Jul 28, 2019 – God’s Persistent Love
A woman phoned the manager of a concert hall and demanded to know if her valuable diamond pendant, lost there the previous night, had been turned in. He asked her to hold the line. He then personally went to where she said she might have dropped it and found the precious pendant. Returning to the phone he discovered that she’d become impatient and hung up. He had no way to reach her, as she hadn’t given her name. She had no persistence, and she lost out.
Today in scripture we hear about persistence – Persistent receiving. That sounds contradictory almost. Persistent receiving? To start with, the Old Testament lesson has Abraham asking God to indulge ‘just-one-more’ request, which leads to the idea of being persistent. If you think about what Abraham did there it’s a wonderful lesson for us.
Now one way of looking at that whole episode is that Abraham is bargaining with God. But another viewpoint is that Abraham is finding out, through persistence, just how great the depth of God’s generosity goes. Listen again, ‘The men turned away and went toward Sodom, but Abraham remained standing before the Lord.’ Abraham stayed and discovered just how much mercy God was ready to show. It may even be seen as God enticing Abraham to keep asking. The persistence in this lesson might just be that of God and not Abraham.
Think about who stopped first. It was Abraham not God. Not that Abraham was wrong to stop, I just want us to take to heart that God was persistent in responding to Abraham each time Abraham persisted in asking God to hear him.
There’s a gospel message here, in God wanting to give generously. God kept giving as long as Abraham kept asking. And notice that Abraham, at the beginning of this back-and-forth, almost accuses God of being unfair. Will you sweep away the righteous with the wicked? Far be it from you to do such a thing—to kill the righteous with the wicked, treating the righteous and the wicked alike.
Did you hear the gospel there?

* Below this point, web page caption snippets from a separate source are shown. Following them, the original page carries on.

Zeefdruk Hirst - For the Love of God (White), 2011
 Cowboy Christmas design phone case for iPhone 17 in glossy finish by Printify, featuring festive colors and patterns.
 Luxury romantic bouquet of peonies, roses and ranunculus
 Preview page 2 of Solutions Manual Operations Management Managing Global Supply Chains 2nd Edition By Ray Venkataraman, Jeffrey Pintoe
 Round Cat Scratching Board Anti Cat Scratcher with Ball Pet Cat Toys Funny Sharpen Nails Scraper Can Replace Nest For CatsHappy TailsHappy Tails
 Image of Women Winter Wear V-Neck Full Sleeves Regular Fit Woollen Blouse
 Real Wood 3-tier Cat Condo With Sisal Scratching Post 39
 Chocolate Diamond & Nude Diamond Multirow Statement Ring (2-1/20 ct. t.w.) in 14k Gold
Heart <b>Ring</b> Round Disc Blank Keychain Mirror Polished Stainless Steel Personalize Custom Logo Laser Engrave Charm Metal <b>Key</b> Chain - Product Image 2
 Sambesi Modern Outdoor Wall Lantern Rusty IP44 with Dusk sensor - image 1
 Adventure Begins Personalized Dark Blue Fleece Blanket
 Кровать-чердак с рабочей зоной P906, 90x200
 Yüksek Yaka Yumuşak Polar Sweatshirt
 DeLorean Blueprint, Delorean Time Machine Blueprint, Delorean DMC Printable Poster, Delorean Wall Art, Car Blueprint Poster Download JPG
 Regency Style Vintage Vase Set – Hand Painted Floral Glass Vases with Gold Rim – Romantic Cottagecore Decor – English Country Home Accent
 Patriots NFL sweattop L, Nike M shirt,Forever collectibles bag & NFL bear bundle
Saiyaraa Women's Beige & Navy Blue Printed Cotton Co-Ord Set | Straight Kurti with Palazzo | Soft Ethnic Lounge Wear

Abraham nearly accuses God of treating the righteous and the wicked the same. In fact, he says that God choosing to destroy the righteous along with the wicked would be wrong for the Judge of all the earth to do so. And yet isn’t that exactly what is it that God ultimately does? Here in the Old Testament lesson Abraham is learning how far God’s mercy extends, and in his words accusing God of being unjust by destroying the righteous along with the unrighteous of Sodom and Gomorrah Abraham speaks in a prophetic way. God does, in Jesus Christ dying on the cross, destroy His Righteous Son in order to redeem the unrighteous ones. And there, there, is gospel for us. God does indeed sweep away the life of His only begotten Son in order that we, who are unrighteous, may be treated unfairly. We unfairly get the gift of Jesus’ righteousness as what God gives to restore our relationship with Him.
Giving is what God longs to do. And He does it so well. And for giving to be complete, there is also, receiving. Which brings us to the epistle lesson today, where Paul says ‘as you have received Christ Jesus the Lord… and you have been filled in him who is the head of all… having been buried with Him you were also raised with Him’ then in verse 13 ‘and you who were dead in your trespasses, God made alive together with him, having forgiven us all our trespasses, nailing it to the cross.’ These words speak of God’s giving and our receiving. Listen to the verb phrases; you have received, you have been filled, having been buried you were also raised, made alive.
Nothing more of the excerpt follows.